“Smokers Need Not Apply” – A Byproduct Of Employer Based Health Insurance
Posted Apr 13 2013 10:01pm
Posted on | April 12, 2013 |
Enlightened employers around the world spend considerable time and resources assuring that the workplace in healthy and safe. They do so to maximize productivity, retention, worker satisfaction, and to limit liability and cost. Their efforts are guided and directed by informed legislation, administered with varying degrees of regulatory success.
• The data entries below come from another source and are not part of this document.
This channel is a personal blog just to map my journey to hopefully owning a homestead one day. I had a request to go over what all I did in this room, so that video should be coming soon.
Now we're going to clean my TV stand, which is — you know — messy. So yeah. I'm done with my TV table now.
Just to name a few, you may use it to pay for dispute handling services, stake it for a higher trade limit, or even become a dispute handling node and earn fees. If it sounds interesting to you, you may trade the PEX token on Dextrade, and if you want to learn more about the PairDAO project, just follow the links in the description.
Employers in the US, since the late 1940’s, have also been providers of health insurance. Compared to other developed nations, this is an oddity which historically emerged out of management concerns that workers not extend their allegiance to unions who were flirting with expanding worker benefit packages. In the beginning, this offering, compared to wage increases, was a reasonable bargain for management.(1) But as we know, health care costs over the past two decades have exceeded inflation, and employers have continued to pull back on their commitment to coverage.(2)
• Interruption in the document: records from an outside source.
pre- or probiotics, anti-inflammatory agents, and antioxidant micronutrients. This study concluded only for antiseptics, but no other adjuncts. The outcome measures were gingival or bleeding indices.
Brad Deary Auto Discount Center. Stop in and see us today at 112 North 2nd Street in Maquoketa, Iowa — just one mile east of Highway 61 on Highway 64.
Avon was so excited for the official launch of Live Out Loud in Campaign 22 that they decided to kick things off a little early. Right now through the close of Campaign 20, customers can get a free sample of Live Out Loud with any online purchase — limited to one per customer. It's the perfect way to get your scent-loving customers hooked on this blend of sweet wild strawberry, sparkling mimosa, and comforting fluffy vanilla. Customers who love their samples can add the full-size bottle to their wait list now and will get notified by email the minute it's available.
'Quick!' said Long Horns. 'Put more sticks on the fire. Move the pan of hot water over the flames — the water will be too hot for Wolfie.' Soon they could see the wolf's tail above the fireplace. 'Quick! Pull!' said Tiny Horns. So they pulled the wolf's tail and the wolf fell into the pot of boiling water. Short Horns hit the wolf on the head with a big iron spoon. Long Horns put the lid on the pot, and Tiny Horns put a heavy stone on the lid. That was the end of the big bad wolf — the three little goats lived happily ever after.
With the Affordable Care Act passage and gradual implementation, continued declines in employer based health coverage have been documented.(2) But at the same time, increasing numbers of employers are adjusting hiring practices, specifically with regard to cigarette smoking, to achieve a healthier case mix among their worker population. Twenty-nine states prohibit “no smokers allowed” hiring practices, but 21 states allow it. Health care organizations have been in the lead, citing not only the health of their workers but also the value of caring professionals serving as role models of health for their patients. Noted institutions like Cleveland Clinic, Geisinger, Baylor Health Care System, and the University of Pennsylvania Health System have policies on not hiring smokers. So do non-health care corporations such as Scotts Miracle-Gro, Union Pacific Railroad, and Alaska Airlines.(3,4)
The majority of Americans remain uncomfortable with these practices. 65% in a 2012 Harris International poll were opposed. Many would rather see a continuation of gentler measures. But multiple studies show that while 70% of smokers say they want to quit, only 2 to 3% succeed each year. And even in organizations that provide cessation resources and financial incentives, the 18 month quit rate is only 9%.(3,4)
In this week’s New England Journal of Medicine, ethicists weighed in for and against. Arguments in support of hiring restrictions included:
1. “When the World Health Organization introduced a ‘nonsmoker-only’ hiring policy in 2008, it cited its commitment to tobacco control and the importance of ‘denormalizing’ tobacco use.”(3)
2. With the “right” to health coverage comes the “responsibility” to use limited health resources wisely. Health care “costs amount to an estimated additional $4,000 annually for each smoking employee.”(3)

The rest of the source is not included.